(Stored items)
>>>>>

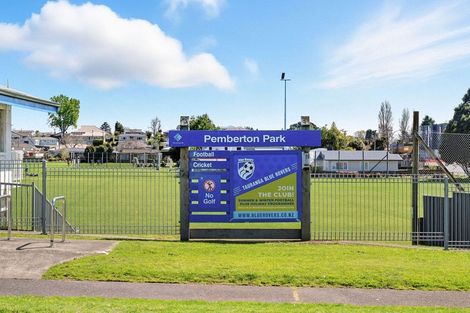 Photo of property in 557 Fraser Street, Greerton, Tauranga, 3112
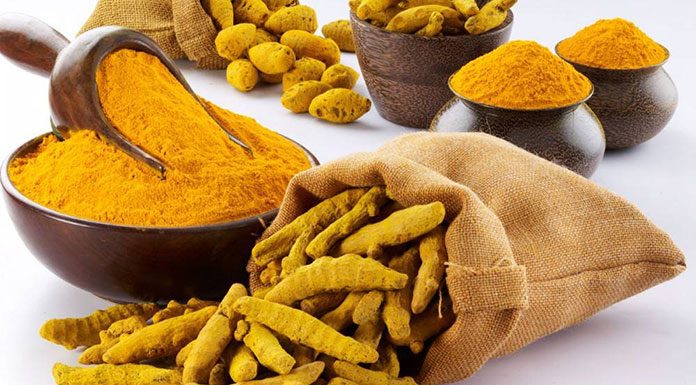 kurkuma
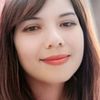 lely_stia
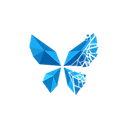 Layla favicon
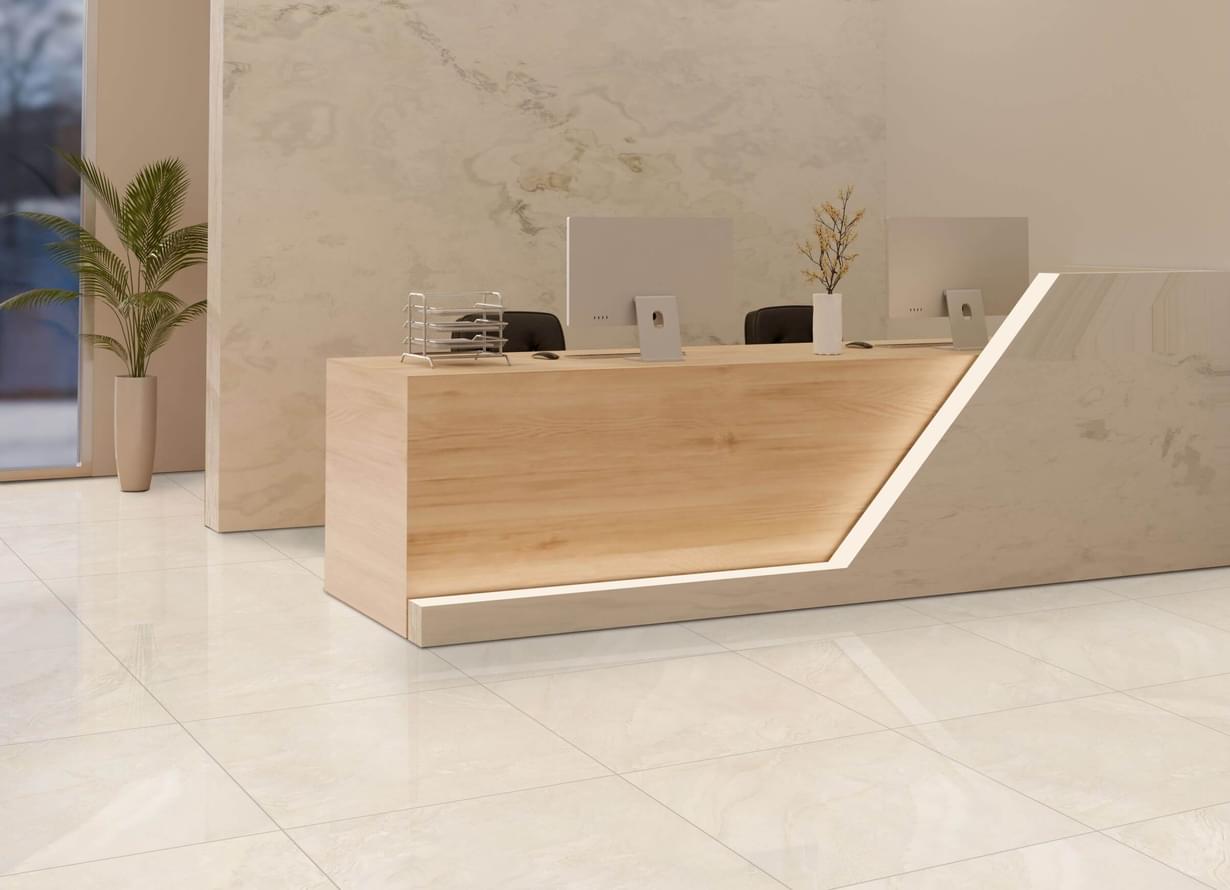 керамогранит фабрики A-Ceramica коллекция Antisky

<<<<<

◆ REQUIRED ACTION
Your answer must be an exact copy of the records above, with every picture left out.

◆ SOLUTION FOR THIS EXERCISE
 Photo of property in 557 Fraser Street, Greerton, Tauranga, 3112
 kurkuma
 lely_stia
 Layla favicon
 керамогранит фабрики A-Ceramica коллекция Antisky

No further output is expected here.